▶ _What you will do_
Make an exact copy of the records, and keep the pictures out of it.

▶ _Records from a collection_
_ _ _
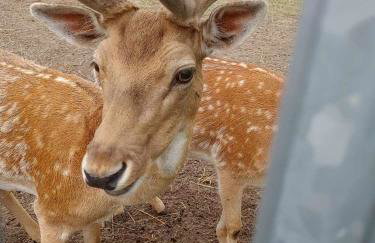 Domki Na Wiosce - Foto 68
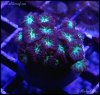 elite_reef_coral_DSC9467.JPG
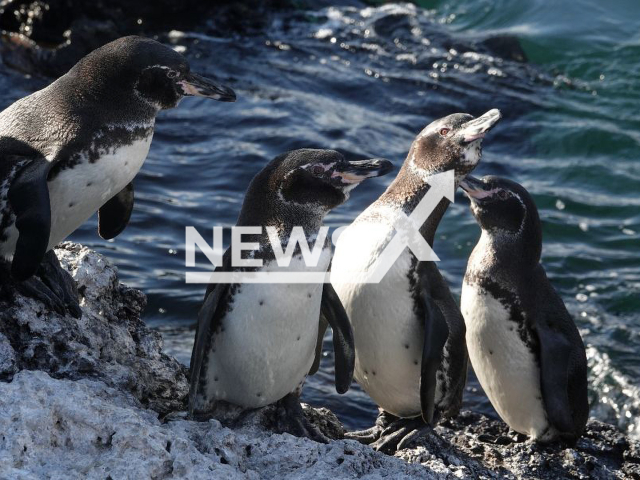 Picture shows Galapagos penguins (Spheniscus mendiculus)  on the Galapagos Islands, Ecuador, undated. The research team conducted a field trip to monitor their reproduction process, and noted an  increased  number of juveniles among   the 31 penguins examined. 
 
Note: Private photo.  (Parque Nacional Galapagos/Newsflash)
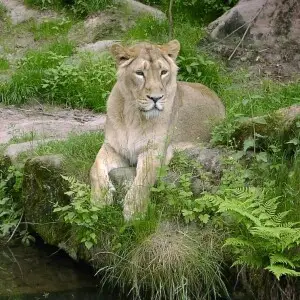 This picture shows an asian lion (female) (Panthera leo perisca).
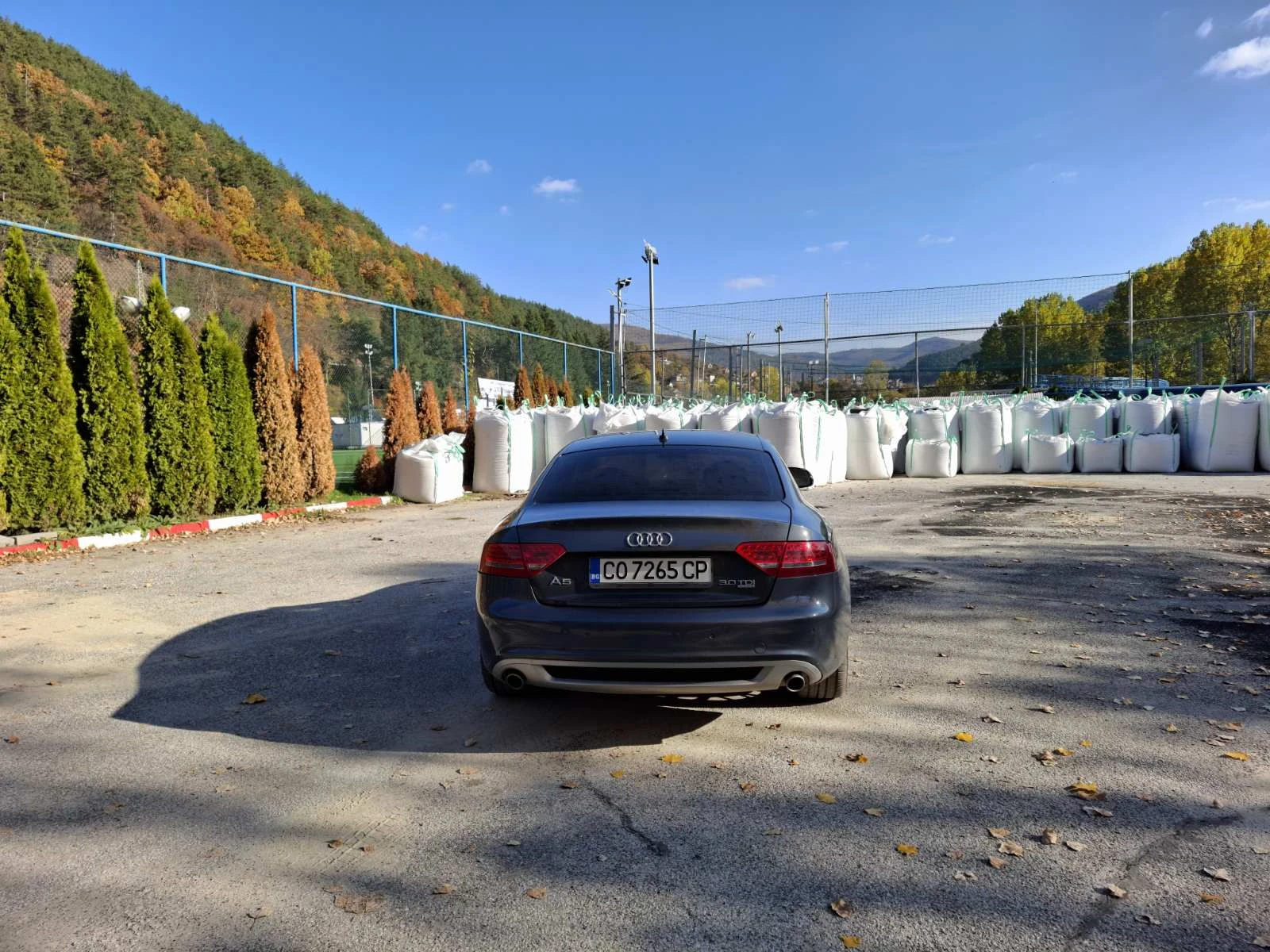 Audi A5 S Line 3.0 TDI 300 Hp - изображение 5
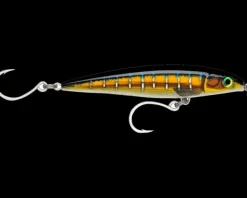 TackleWest Stickbaits|Flies>Rapala X-RAP Long Cast Shallow 14cm
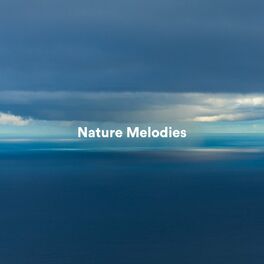 Album cover of Nature Melodies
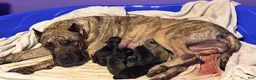 Presa Canario dogs for sale: Presa Canario 3 - Ad 5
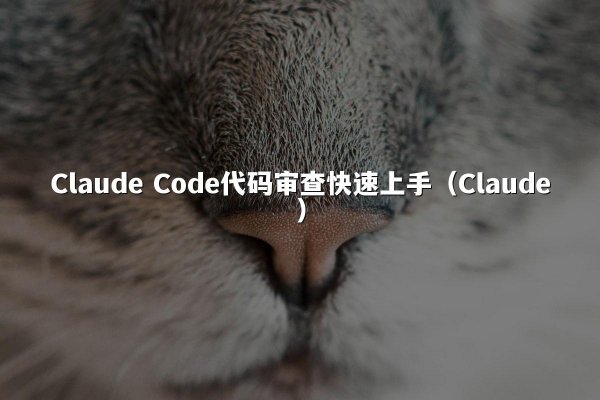 Claude Code代码审查快速上手（Claude）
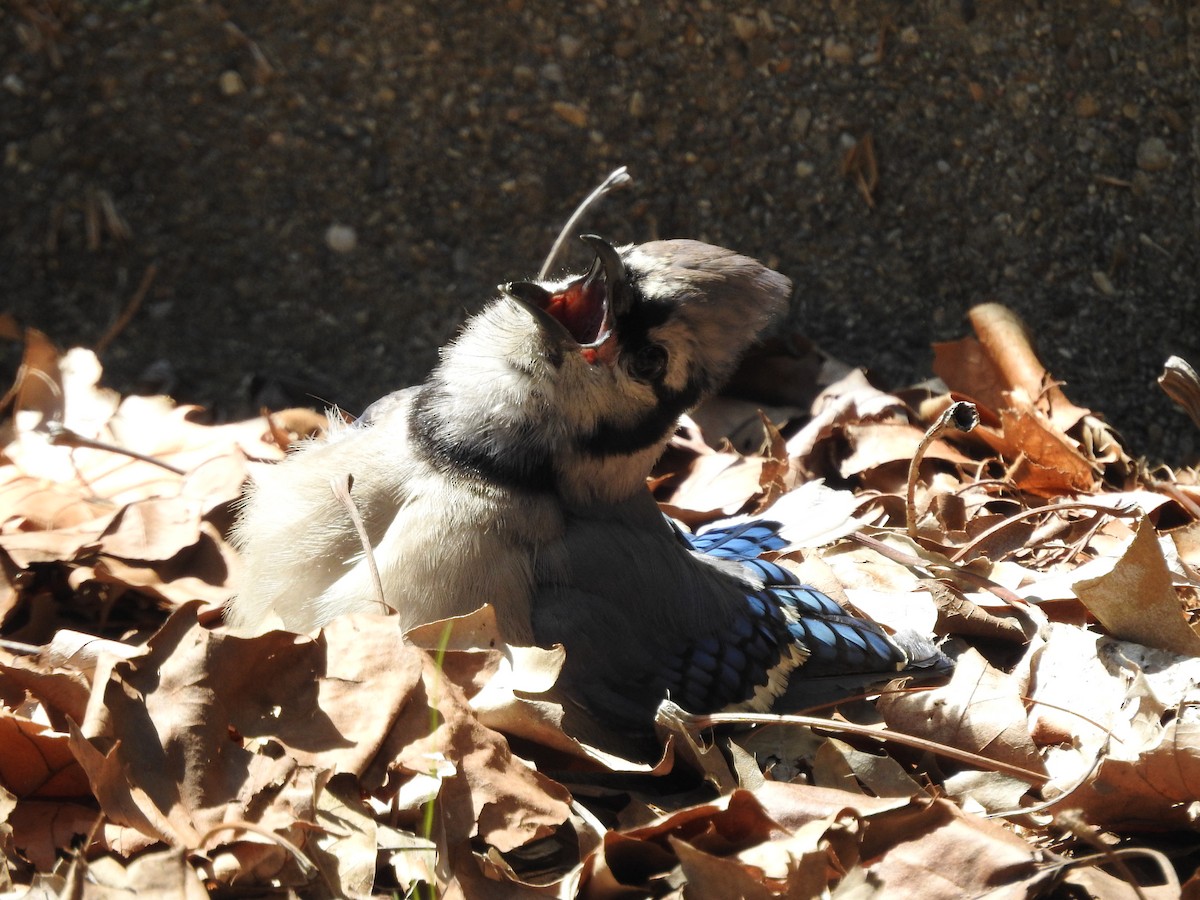 Blue Jay - ML638558074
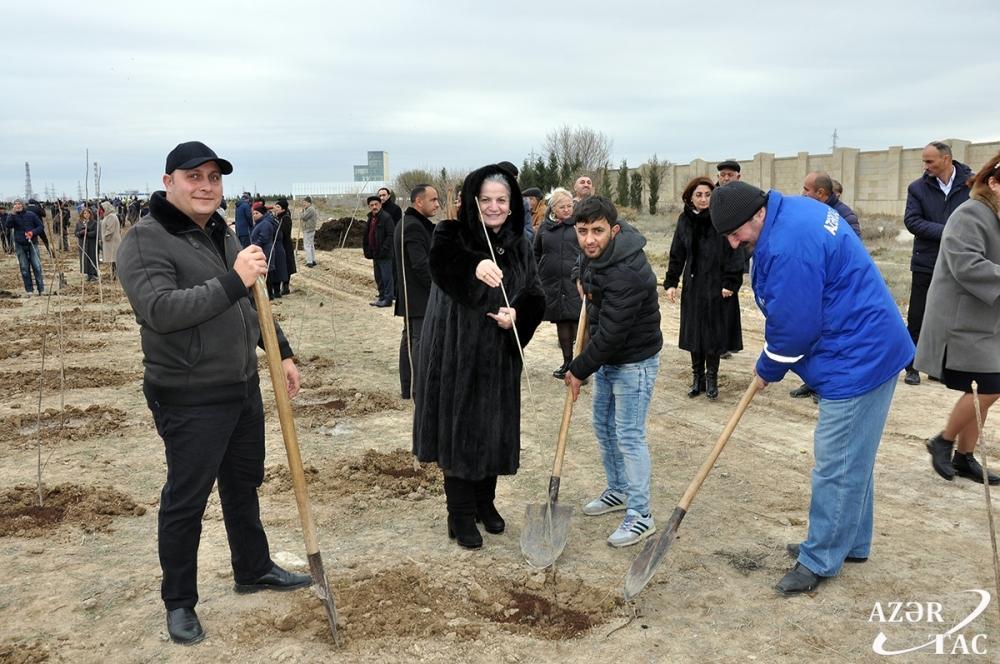 В Сумгайыте продолжается акция по высадке деревьев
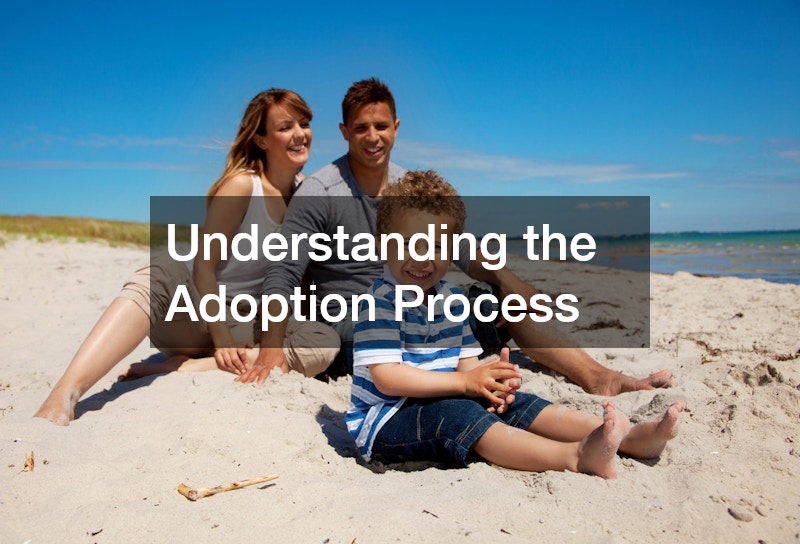 Understanding the Adoption Process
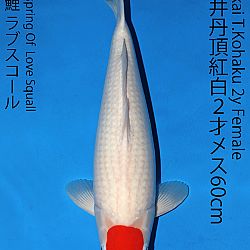 Matsue en Sakai Kai@Narita: afbeelding 54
_ _ _
▶ _Task output_
 Domki Na Wiosce - Foto 68
 elite_reef_coral_DSC9467.JPG
 Picture shows Galapagos penguins (Spheniscus mendiculus)  on the Galapagos Islands, Ecuador, undated. The research team conducted a field trip to monitor their reproduction process, and noted an  increased  number of juveniles among   the 31 penguins examined. 
 
Note: Private photo.  (Parque Nacional Galapagos/Newsflash)
 This picture shows an asian lion (female) (Panthera leo perisca).
 Audi A5 S Line 3.0 TDI 300 Hp - изображение 5
 TackleWest Stickbaits|Flies>Rapala X-RAP Long Cast Shallow 14cm
 Album cover of Nature Melodies
 Presa Canario dogs for sale: Presa Canario 3 - Ad 5
 Claude Code代码审查快速上手（Claude）
 Blue Jay - ML638558074
 В Сумгайыте продолжается акция по высадке деревьев
 Understanding the Adoption Process
 Matsue en Sakai Kai@Narita: afbeelding 54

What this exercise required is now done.